We have several levels of government and they each want their own tax return. Many cities have their own tax return (e.g. Seattle and Bellevue). You can sometimes be exempt depending on your income level. You may need to file annually or quarterly, again depending on your income level. Even if your city does not have a tax return, they probably require you to obtain a city business license.
The county also wants to tax your business personal property, similar to the property tax on your house. King County requires you to complete a Property Tax Affidavit by April 30th of each year.
The State of Washington also requires you to complete a combined excise/sales tax return. This is due monthly (the 25th), quarterly (last day of month following the quarter), or annually (January 31). Again, very small businesses that are not required to collect sales tax can be put on a non-filing basis.
Finally, the federal government requires you to include all your business activity on an income tax return. If you are a sole proprietor or single member LLC, this activity is included on schedule C of your regular income tax return (form 1040). If you are a partnership or multiple member LLC, this activity goes on a separate tax return (form 1065) which, like form 1040, is due on April 15th. If you are a C corporation or S corporation, the activity is included on form 1120 or 1120S, respectively. Corporate income tax returns are due on March 15 for calendar year corporations. Business owners are also required to complete form 1099 for non-corporate vendors that they have paid more than $600 in the course of the year. These should be mailed to the vendor by January 31 and mailed to the IRS by February 28.
If you have employees, there are additional returns that must be filed at the state and federal level.
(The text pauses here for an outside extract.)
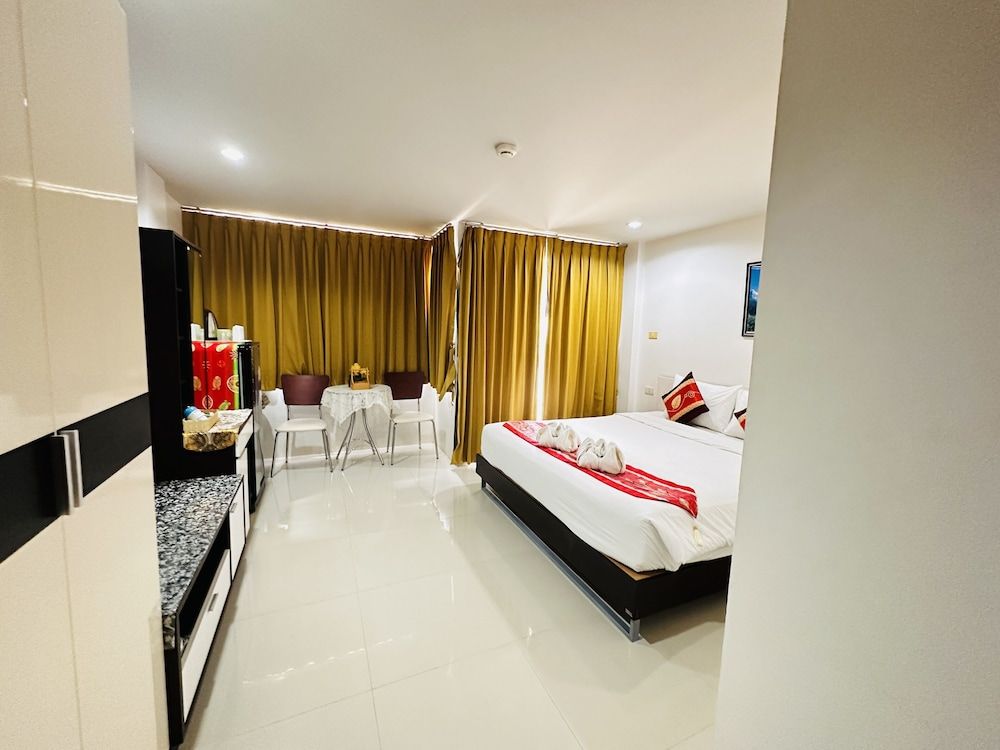 Swiss House Superior Room with Balcony 26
At the state level, you must file quarterly employment security returns and labor and industry returns. You must also submit new hire forms each time you hire a new employee. At the federal level, you must file employment tax returns (quarterly form 941 or annual form 944). You must also file annual unemployment tax returns (form 940) and W-2s for each employee. Of course, you are also required to deposit payroll tax. There are many other returns that may need to be filed specifically for your industry or under special circumstances. Consult your CPA or tax accountant.
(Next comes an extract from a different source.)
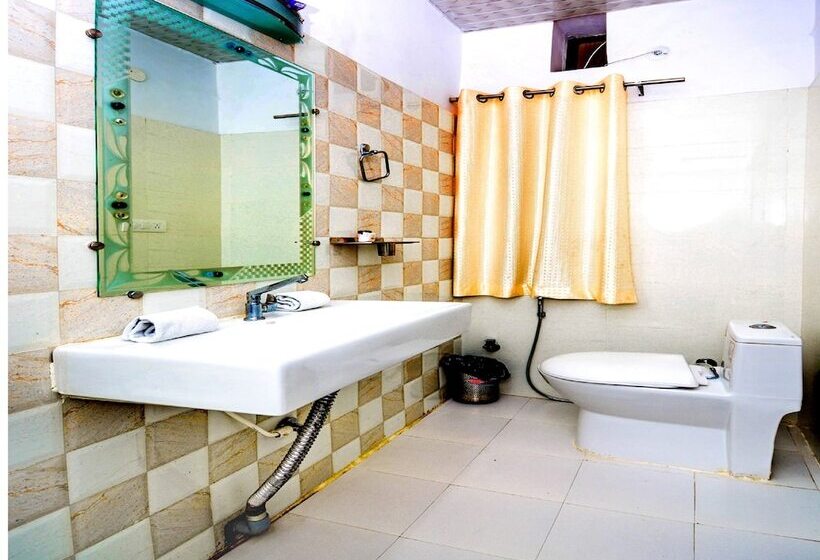 酒店 Mubarak By Oyo Rooms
Many people are uncertain about what car expenses they can deduct on their tax return. You are only allowed to deduct expenses relating to the business portion of your vehicle. You can choose either the Actual Expense Method or the Standard Mileage Rate Method.
Which Method is Right for Me?
If you choose the Actual Expense Method, you are able to deduct the business portion of all your vehicle expenses for the year; such as gas, oil changes, tires, repairs, insurance, auto taxes, licenses, washes, parking and tolls, interest on your car loan, lease payments, and depreciation of your vehicle. This method requires you to keep excellent records of your expenses. Once you use the Actual Expense Method with a vehicle, you cannot switch to the Standard Mileage Method.
Alternatively, you could use the Standard Mileage Method and simply multiply your business miles by a predetermined rate, which changes from year to year. Please contact your CPA or tax accountant for guidance about which method is right for you.
Bulletproof Your Deduction
To claim your vehicle expenses as a business deduction, you must be able to answer "yes" to the following two questions on your tax return:
1. "Do you have evidence to support the business use?"
2. "Is that evidence written?"
There are 4 other important questions that you must also answer about the miles driven during the year, regardless of the method you choose:
2. Total Business Miles - in general, these are miles driven from one business location to another;
3. Total Commuting Miles - the automobile expense of going between your home and your office each day are not deductible. If, however, you travel to temporary business locations away from your regular business location, these are business miles, regardless of distance;
4. Other Personal Miles - everything else, such as trips to the doctor, driving your kids to school, charitable miles, etc.
Most importantly, the IRS requires that you keep adequate records to support your business deductions and that these records are updated at or near the time of business. We recommend keeping a small notebook in your car to record your business and personal travel daily by recording the date, beginning and ending odometer readings, and the purpose of the travel.
One of the most popular and most enjoyable of business deductions is the business meal deduction. You are allowed to deduct 50% of qualified meal expenses. There are several important steps you need to follow:
1. The meal must be arranged with the intent of discussing business. Your companion must reasonably expect a business reason for the meal.
2. You must discuss business before, during or after the meal.
3. The meal must take place in surroundings conducive to doing business.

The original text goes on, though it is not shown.